- Co to jest? - spytał Gabe i zmarszczył brwi. Przekrzywił lekko głowę, szukając wspólnego kształtu.
- Tu jesteś ty na przykład. - wskazała długopisem w prawy róg kartki.- Tu jest Lex, tu moja matka, tu Simba z Króla Lwa. - pokazywała po kolej i wymieniała imiona.
- To coś konkretnego tworzy? - spytał i spojrzał jej w oczy. Pokręciła głową i westchnęła.
- To nie jest jeden rysunek, tylko kilka, nie widzisz? Nie patrz na to jak na matmę. To nie musi być logiczne...
- Panno Hale, przeszkadzam pani? - spytał nauczyciel stając nad nią w ostentacyjnej pozie. Oparł się o długi kij, którym pokazywał coś na slajdach.
- Właściwie to trochę tak, ale w porządku, może pan dalej pierdolić głupoty, podczas gdy ja będę rysowała pańskiego kutasa.
- Jedynka...
- Staje panu na samą myśl, że któraś z tych zabawnie seksownych licealistek mogłaby panu ciągnąć. - mówiąc to zamknęła zeszyt i długopis, i wstała powoli.

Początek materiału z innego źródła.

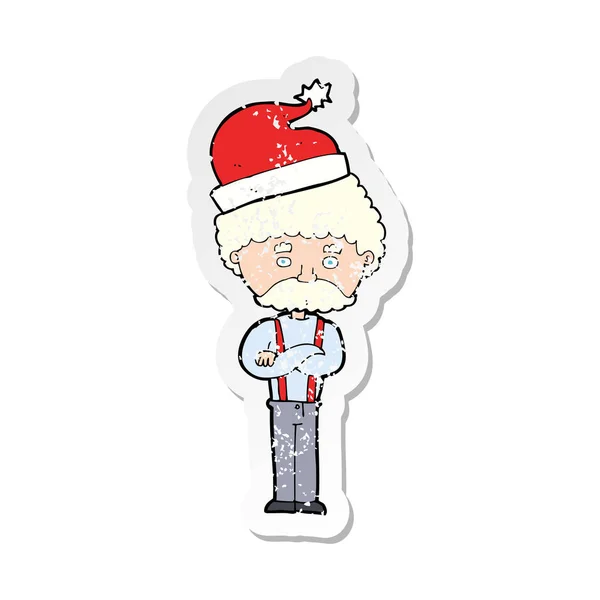 Retro distressed sticker of a cartoon old man in christmas hat — Stock Vector
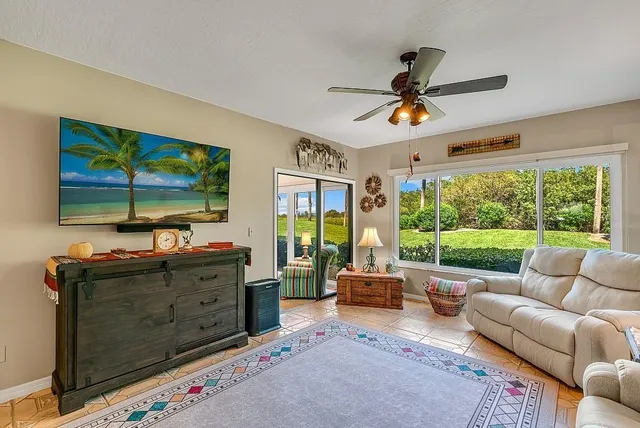 a living room with furniture flat screen tv and a large window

- Zapraszam do dyrektora moja droga. - nauczyciel nie dawał się sprowokować, ale Lucy odebrała to jako zachętę. Opuściła tunikę na tyle mocno, że jej koronkowy stanik wystawał zza dekoldu.
- Do dyrektora, czy w jakieś zaciszne miejsce? Nie trzeba, wystarczy że poprosi pan naszą drogą panią Amy, a na pewno się zgodzi. Szczególnie teraz. - puściła mu zalotne oczko i wyszła z klasy poprawiając co chwilę torbę. Szła przez chwilę wolniej dając szansę, Gabe'owi by ją dogonił, ale on nie doszedł. W sumie to spodziewała się tego. Nie był jeszcze na tyle odważny by sprzeciwić się nauczycielowi. Uśmiechnęła się pod nosem. Włożyła słuchawki w uszy i włączyła pierwszy lepszy kawałek. Wypadło akurat Empress, ale była zbyt leniwa by przełączyć. Wyszła, a właściwie prawie wybiegła ze szkoły na główny dziedziniec. Poczuła krople wody na policzku. Uśmiechnęła się szeroko. Odwróciła się do szkoły i widząc że cała jej klasa patrzy na nią przez okno, pokazała im wszystkim fucka. Chwilę później puściła się biegiem.
Czuła wiatr we włosach i wreszcie święty spokój. Poczuła jak bardzo nienawidzi całego tego gówna.
Lucy: Będę u ciebie o 9 pm. Wymyśl sobie alibi na noc.
Wystukała zręcznie wiadomość na klawiaturze i wysłała ją. Spojrzała na siebie zadowolona. Uśmiechnęła się pod nosem do własnego odbicia w lustrze. Za pół godziny musiała wyjść, więc postanowiła zacząć powoli się szykować.